La comparación de Pablo Iglesias de la huída de Carles Puigdemont con el exilio republicano tras la victoria franquista en la Guerra Civil ha levantado muchas críticas. Cada cual tendrá su opinión al respecto. Y todas valen por igual. Unas serán más ajustadas a la historia y otras no tanto, algunas en absoluto y no faltarán las que sean fantasía pura. En el fondo da igual. Es verdad que el líder neocomunista no estuvo muy fino, pero sí que es cierto que hay un elemento igualmente político en el fondo de los dos hechos, aun siendo tan diferentes. El exilio republicano se debió al evidente triunfo militar de la opción política fascista y la persecución legal de los líderes independentistas tiene un trasfondo extraño que si no es político no se entiende y que resulta inquietante.Y esto último es lo que la justicia belga ha dejado claro y que amenaza toda la persecución legal de los hechos ilegales perpetrados por los líderes separatistas catalanes.

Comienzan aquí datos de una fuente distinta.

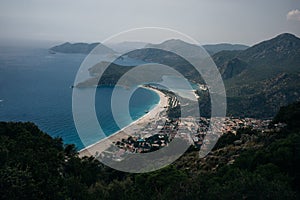 Oludeniz blue lagoon and sand beach in Fethiye, Turkey.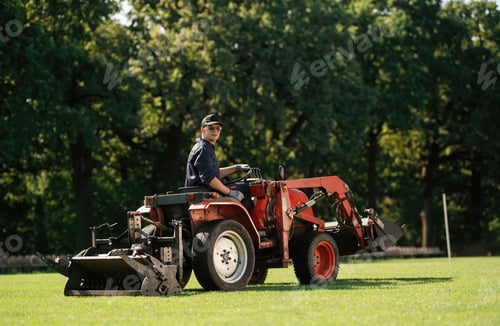Preview: Man is with utility tractor with grass cutter and aerator equipment on the field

Conviene ser precisos. En España no hay presos políticos. No lo son los referidos líderes separatistas. En absoluto. Fueron imputados, investigados, juzgados y condenados por hechos delictivos. No por sus ideas. Como prueba -obvio debería ser, aunque no lo sea para tantos – que los que comparten éstas con ellos sigan al frente de sus responsabilidades institucionales y políticas sin atisbo de molestia legal. Como no puede ser de otra manera en una democracia.

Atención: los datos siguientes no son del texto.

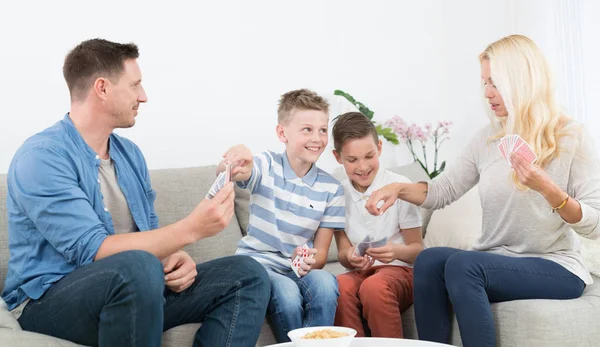 Happy young family playing card game at home.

Ahora bien, lo que ha dejado cristalino la justicia belga -al rechazar, ya de forma definitiva, la extradición del ex consejero catalán, también huido, Lluís Puig - es que el procedimiento legal que se puso en marcha para juzgar aquellos hechos -que en síntesis mediática se suele llamar, de forma impropia, el “referéndum” del 1 de octubre de 2017 y la declaración de independencia posterior, entre otros – no fue correcto. Que no concernía hacerlo al Tribunal Supremo. Que debió ser otra instancia la que instruyera y juzgara aquellos acontecimientos, de acuerdo con el sistema de distribución de los casos que se sigue en España, que para la ocasión habría correspondido a un juzgado barcelonés y, para los imputados que gozaban de aforamiento por sus cargos políticos, al Tribunal Superior de Justicia de Cataluña. Y añade la instancia judicial belga -el Tribunal de Apelación -, para justificar su fallo, que el hecho de que no se hiciera como debió hacerse, en caso de que Puig fuera extraditado supondría que no se le aseguraría la presunción de inocencia que todo ciudadano de la Unión tiene.

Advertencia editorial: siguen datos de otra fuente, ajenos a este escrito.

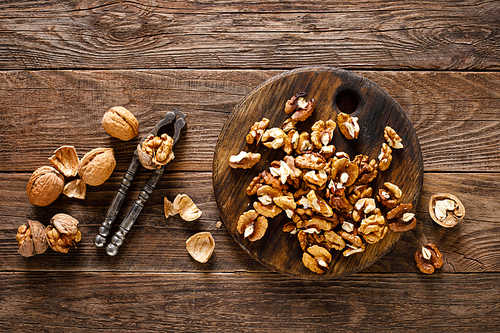 Walnuts. Kernels and whole nuts on wooden rustic table, top view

El fallo es brutal para la justicia española. Ergo los medios patrios han pasado de puntillas sobre él. Significa que deja en evidencia no que haya en España -como fantasean los independentistas – “presos políticos” pero sin duda sí que avergüenza a la justicia de este país porque, al menos en este caso -aunque, seamos sinceros, no es el único -, existen indicios de presiones políticas para sustraer el caso de su ámbito judicial correcto para llevarlo a otro. Y cabe añadir que el motivo de la sustracción de competencia se deduce de forma inexorable: favorecer la máxima acusación posible para imponer medidas cautelares y/o impulsar las más severas penas.
El fallo del Tribunal de Apelación belga supone la casi certeza de que Puigdemont no será extraditado. Y a la vez permite creer que al final el Tribunal Europeo de Derechos Humanos va a infligir al Tribunal Supremo un varapalo histórico, en probable forma de anulación de condena. Grave sería poco.